The authorities cited in the opinions and texts hereinbefore quoted and referred to are numerous; moreover, Kalscheuer v. Upton, 6 Dak. 449, 43 N. W. 816, furnishes a territorial precedent. We are therefore of the opinion that the execution and delivery by McHenry to respondent of the mortgage in suit, to secure the unpaid balance of the purchase price of the lands so mortgaged., 'being contemporaneous with the acquirement of the legal title by the mortgagor and part of the same transaction, made of it a purchase-money mortgage within the intent of section 1537, R. C. 1919.
But appellant calls attention to the fact that respondent’s mortgage was not recorded until April 24th. The delay in such recording caused no harm to appellant, for appellant had received his deed and parted with the purchase price 33 days before respondent had received his mortgage and not subsequent thereto.
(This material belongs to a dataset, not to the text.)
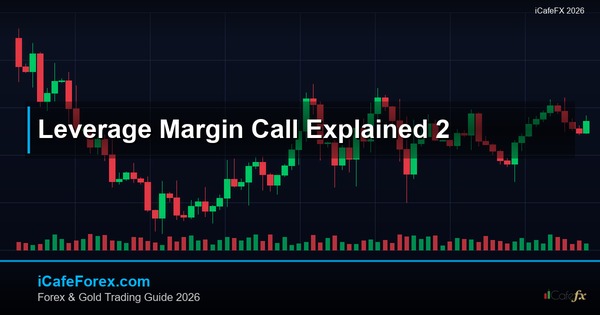 Leverage คืออะไร? Margin Call คืออะไร? อธิบายครบสำหรับมือใหม่ Forex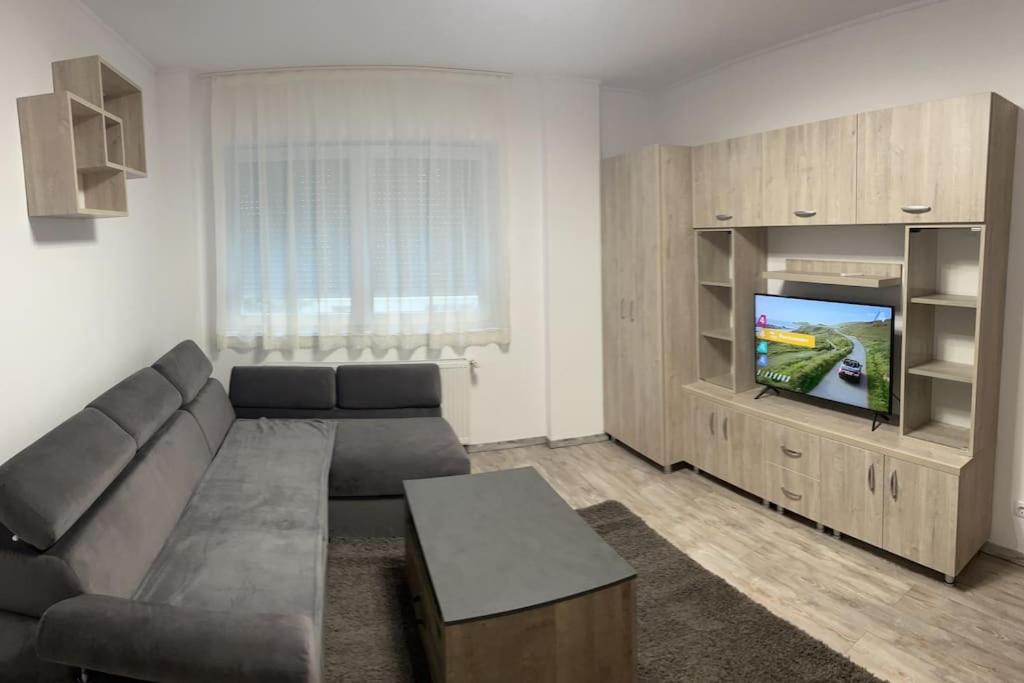 Bingo Apartman Cristuru Secuiesc Exterior foto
Appellant gjso calls attention to the fact that the deed to Fhrhardt was recorded prior to respondent receiving his mortgage. Disregarding the fact that the deed to Ehrhardt involved the S. W. whereas respondent’s mortgage on appellant’s land involves the S. E. we find the answer to appellant’s contention in the following from Kalscheuer v. Upton, supra:
*144 “The mortgages of Upton and Clement were junior and inferior to that of Kalscheuer, although they were given and recorded prior to his, because Kalscheuer’s mortgage was given for a part of the purchase price under the provisions of section 1712 of our Civil Code, which reads as follows: ‘A mortgage given for the price of real property at the time of its conveyance has priority over all other liens created against the purchaser, subject to the operation of the recording laws.
The judgment and order appealed from are affirmed.